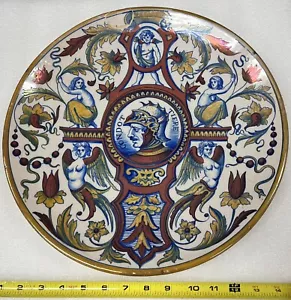 Antique Polychrome Majolica Lustre Charger 14 Inches In Diameter Italian Cs2k - Picture 1 of 6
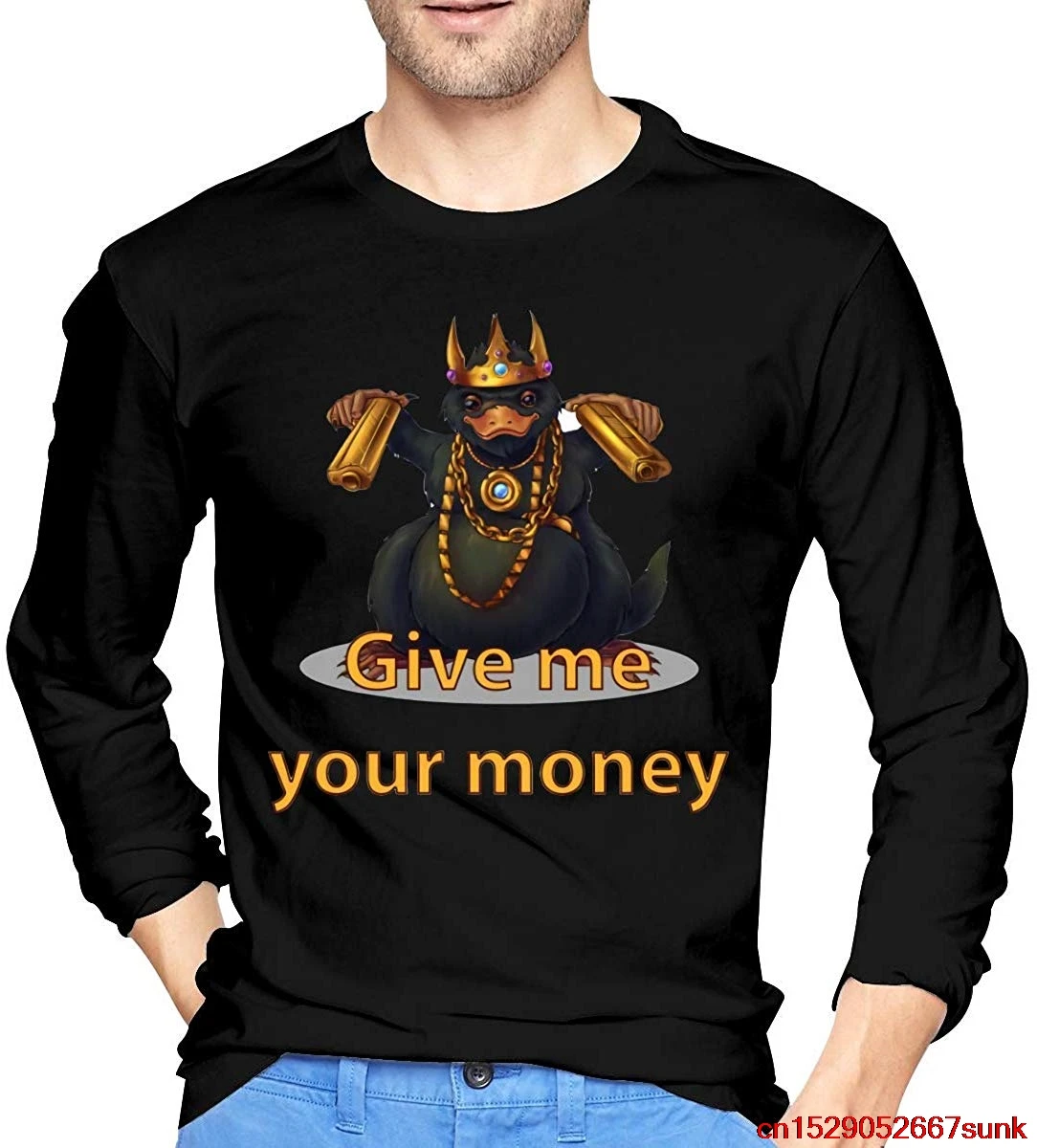 FGHFG Мужская забавная футболка с длинным рукавом изображением гангстера ниффлера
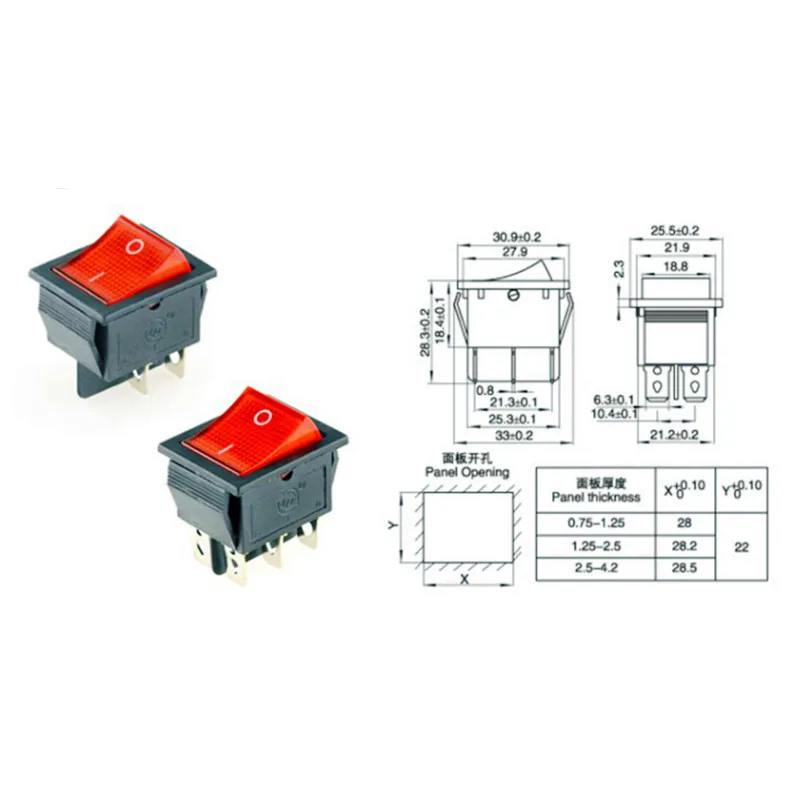 1pcs KCD4 Rocker Switch ON-OFF 2 Position 4 Pins / 6 Pins Electrical equipment With Light Power Switch 16A 250VAC/ 20A 125VAC, rocker switch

= = = = = = =

● What to work on: Restate the material above word for word, so that nothing changes except that the pictures are gone.

● Completed exercise:
 Antique Polychrome Majolica Lustre Charger 14 Inches In Diameter Italian Cs2k - Picture 1 of 6
 FGHFG Мужская забавная футболка с длинным рукавом изображением гангстера ниффлера
 1pcs KCD4 Rocker Switch ON-OFF 2 Position 4 Pins / 6 Pins Electrical equipment With Light Power Switch 16A 250VAC/ 20A 125VAC, rocker switch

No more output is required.